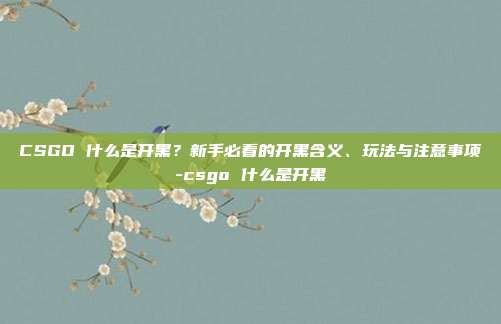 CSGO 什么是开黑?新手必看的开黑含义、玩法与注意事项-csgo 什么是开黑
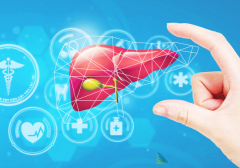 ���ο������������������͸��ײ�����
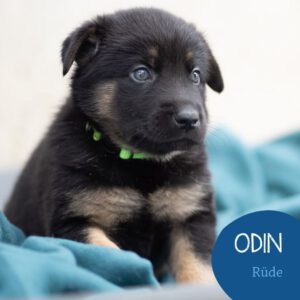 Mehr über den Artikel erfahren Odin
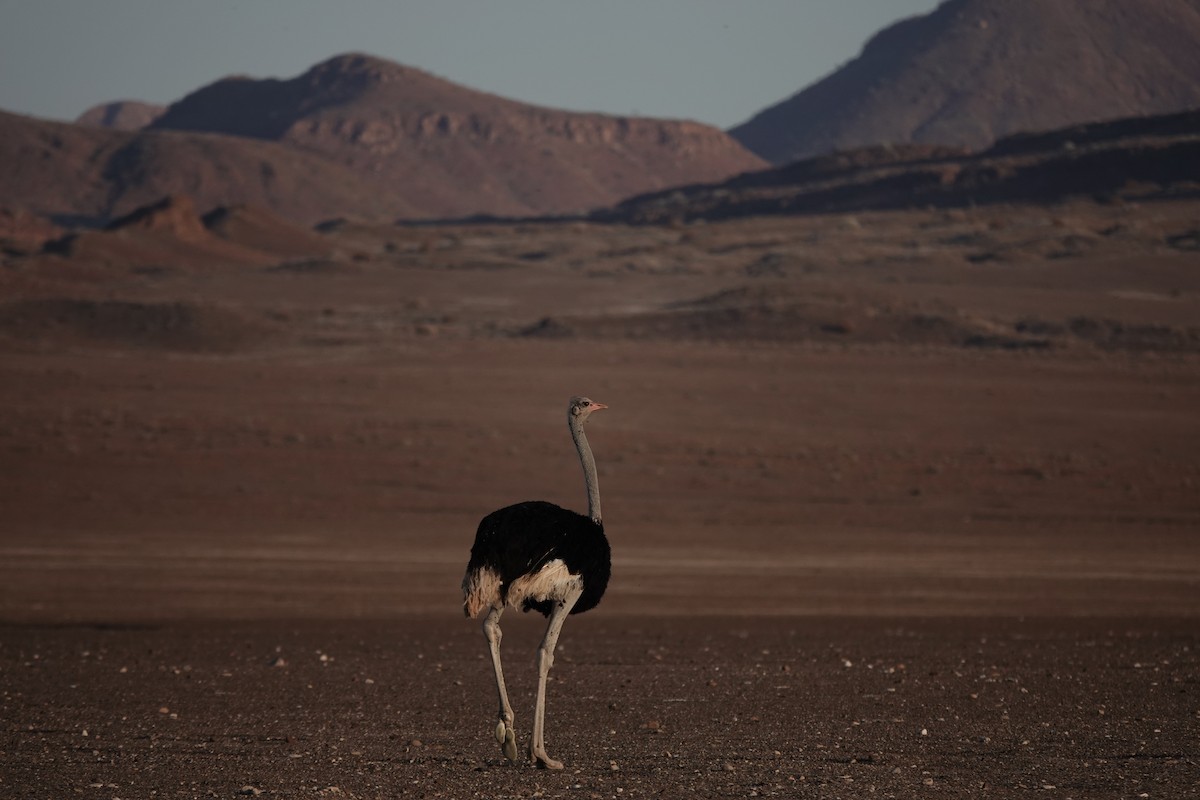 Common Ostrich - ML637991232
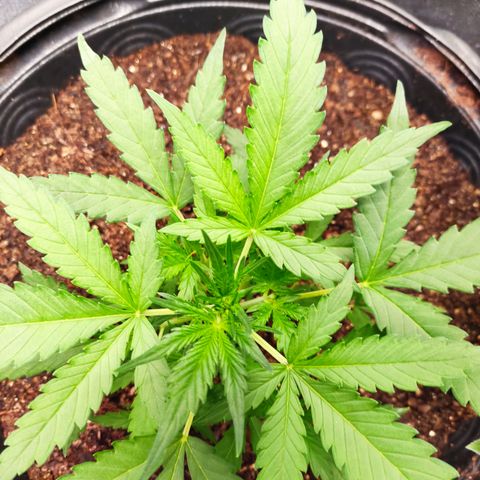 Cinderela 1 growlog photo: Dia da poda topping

» WORK REQUEST:
Pass over the images and copy the rest of the material above exactly.

» SOLUTION TO THE EXERCISE:
 CSGO 什么是开黑?新手必看的开黑含义、玩法与注意事项-csgo 什么是开黑
 ���ο������������������͸��ײ�����
 Mehr über den Artikel erfahren Odin
 Common Ostrich - ML637991232
 Cinderela 1 growlog photo: Dia da poda topping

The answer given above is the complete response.